— Activity —
Line by line, give the data again exactly as it appears, but without pictures.

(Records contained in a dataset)
********
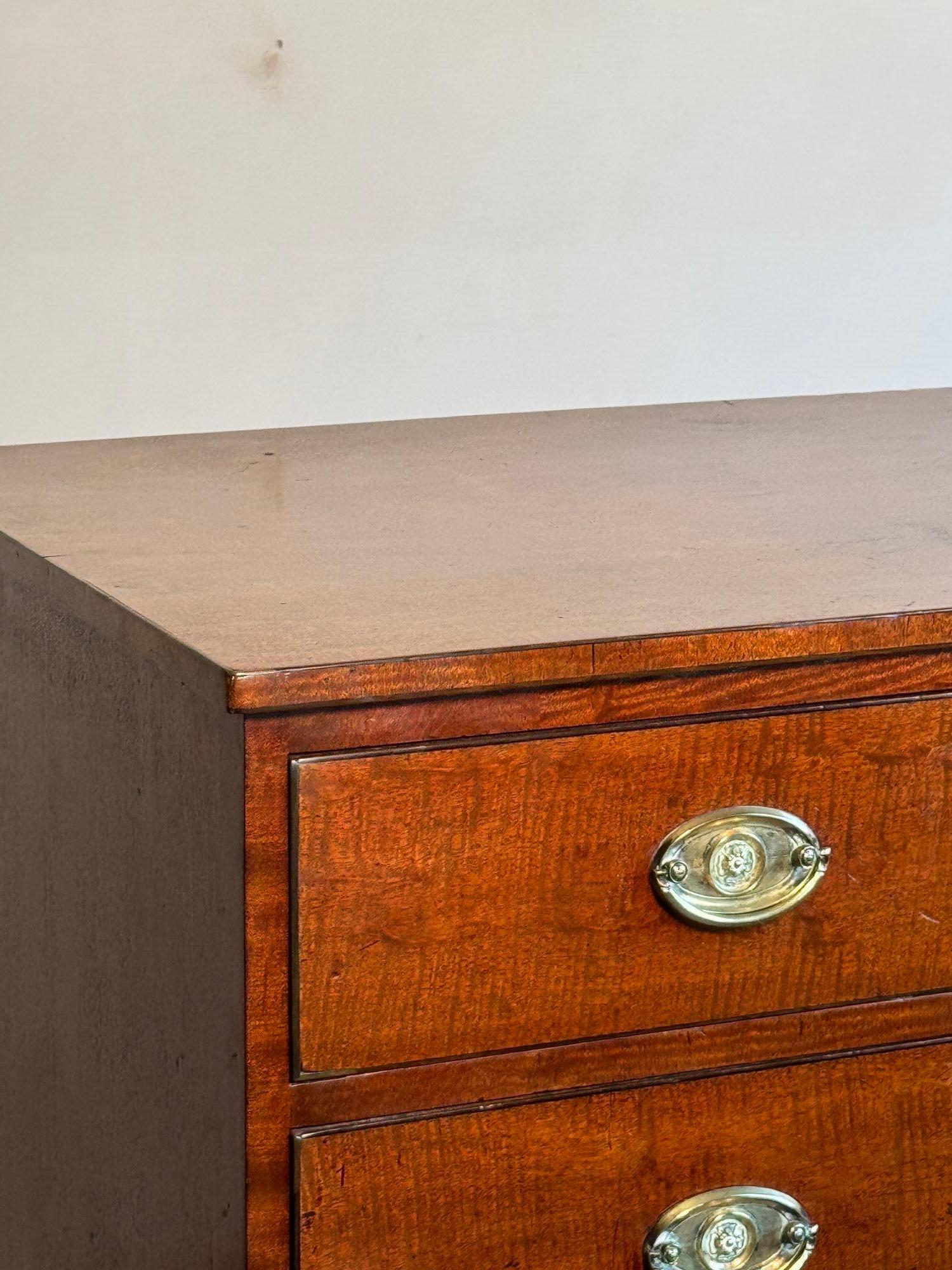 Georgian Fiddleback Mahogany Chest of Drawers 1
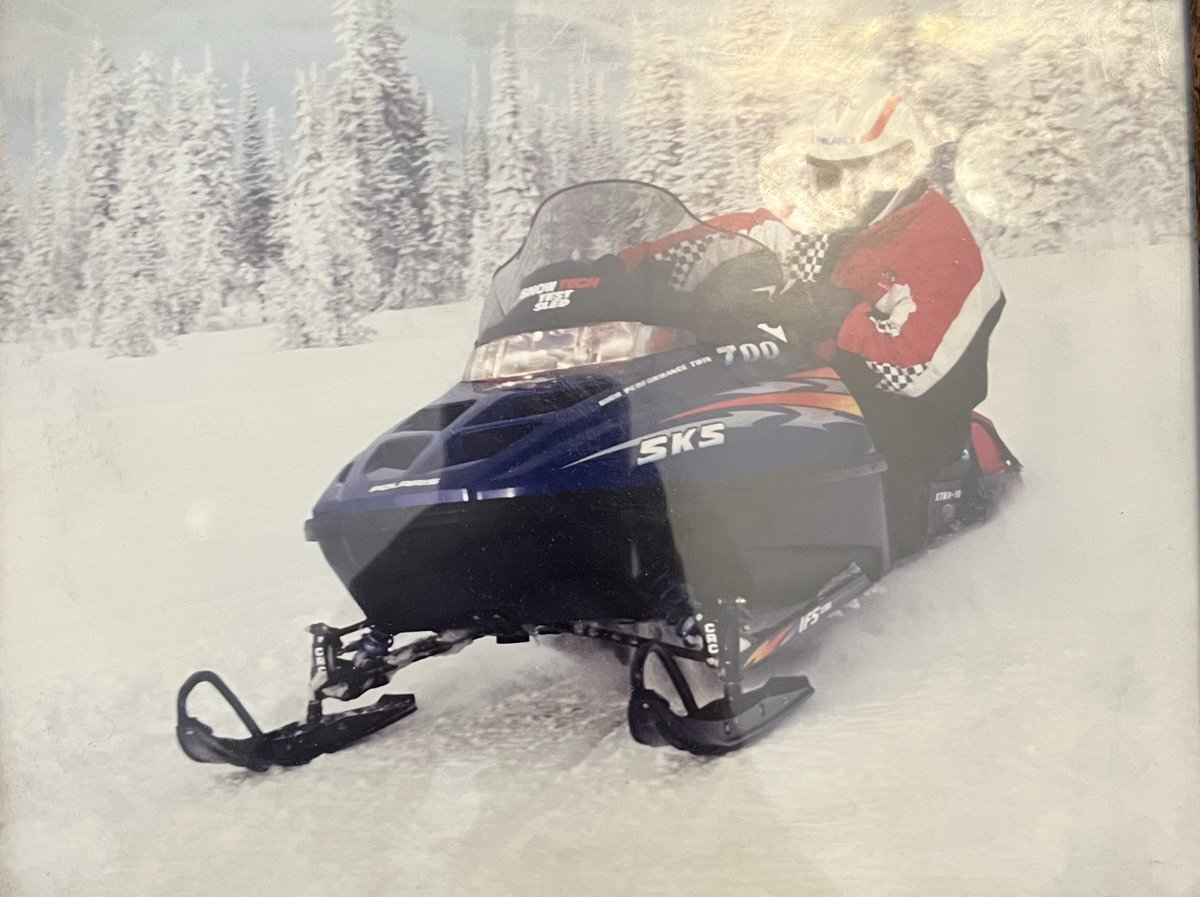 Blue Eyes White Dragon tweet media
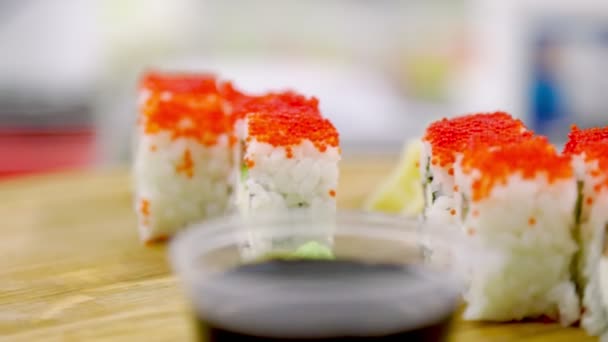 Sushi piros tojással a tetején — Stock videók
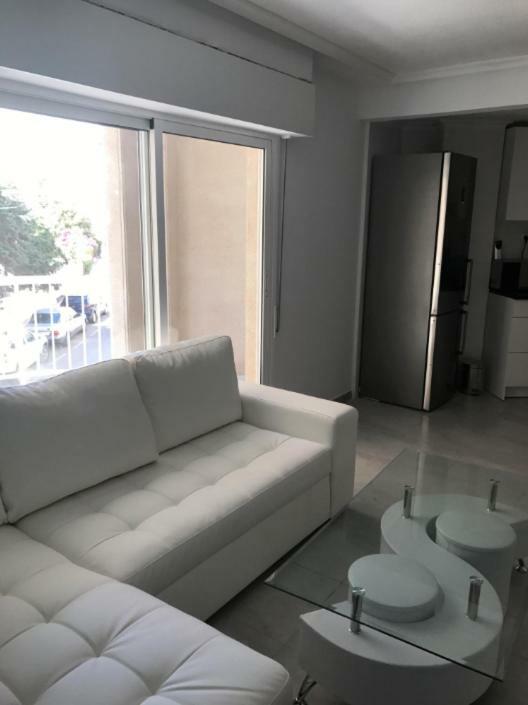Modern Beach Apartment Торевиеха Екстериор снимка
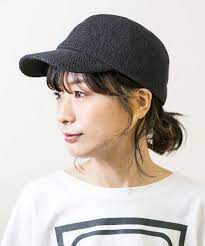 キャップのかぶり方にはコツがある おしゃれな大人女子に学ぶヘアアレンジ術 folk キャップ 前髪 ファッション 女性のファッション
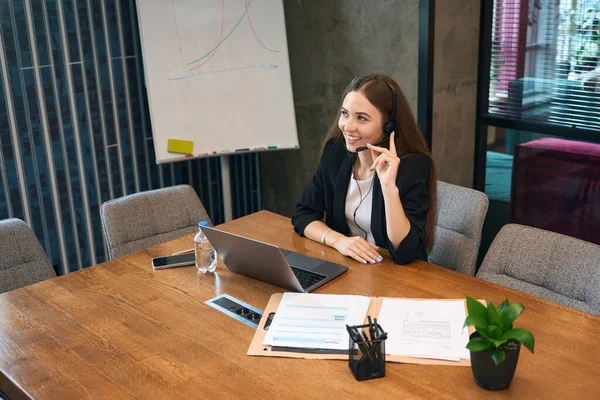 Vänliga Kontor Anställd Sitter Laptop Prata Mikrofon Videosamtal — Stockfoto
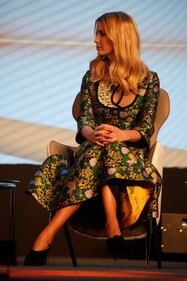 Ivanka Trump elegante in rosso: i bimbi giocano con la gonna 7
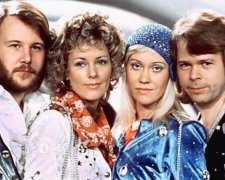 Культовая ABBA снова собралась вместе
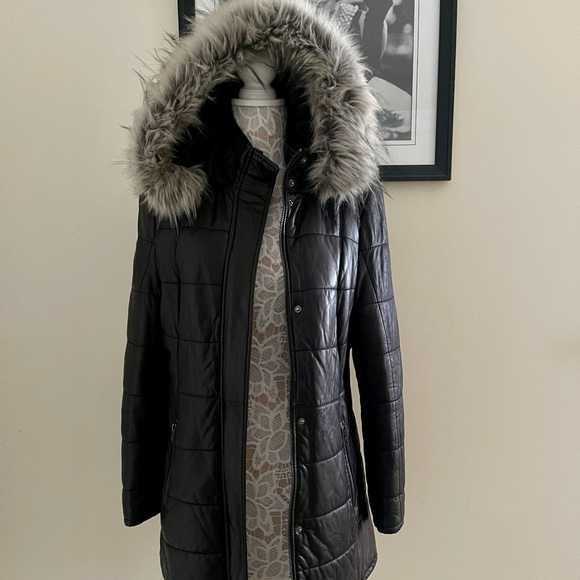 black rivet leather jacket on a warm lining size L org $599 with defect - Picture 3 of 16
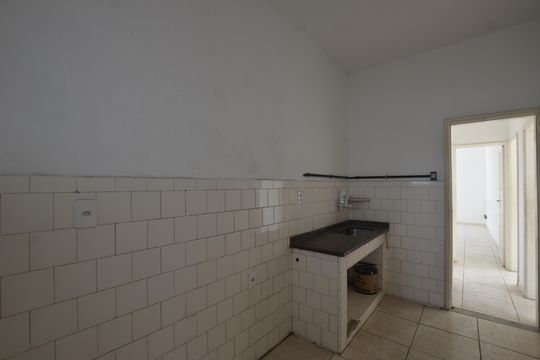 Cozinha de apartamento para alugar com 2 quartos, 100m² em Rocha Miranda, Rio de Janeiro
********
— Solution to this exercise —
 Georgian Fiddleback Mahogany Chest of Drawers 1
 Blue Eyes White Dragon tweet media
 Sushi piros tojással a tetején — Stock videók
Modern Beach Apartment Торевиеха Екстериор снимка
 キャップのかぶり方にはコツがある おしゃれな大人女子に学ぶヘアアレンジ術 folk キャップ 前髪 ファッション 女性のファッション
 Vänliga Kontor Anställd Sitter Laptop Prata Mikrofon Videosamtal — Stockfoto
 Ivanka Trump elegante in rosso: i bimbi giocano con la gonna 7
 Культовая ABBA снова собралась вместе
 black rivet leather jacket on a warm lining size L org $599 with defect - Picture 3 of 16
 Cozinha de apartamento para alugar com 2 quartos, 100m² em Rocha Miranda, Rio de Janeiro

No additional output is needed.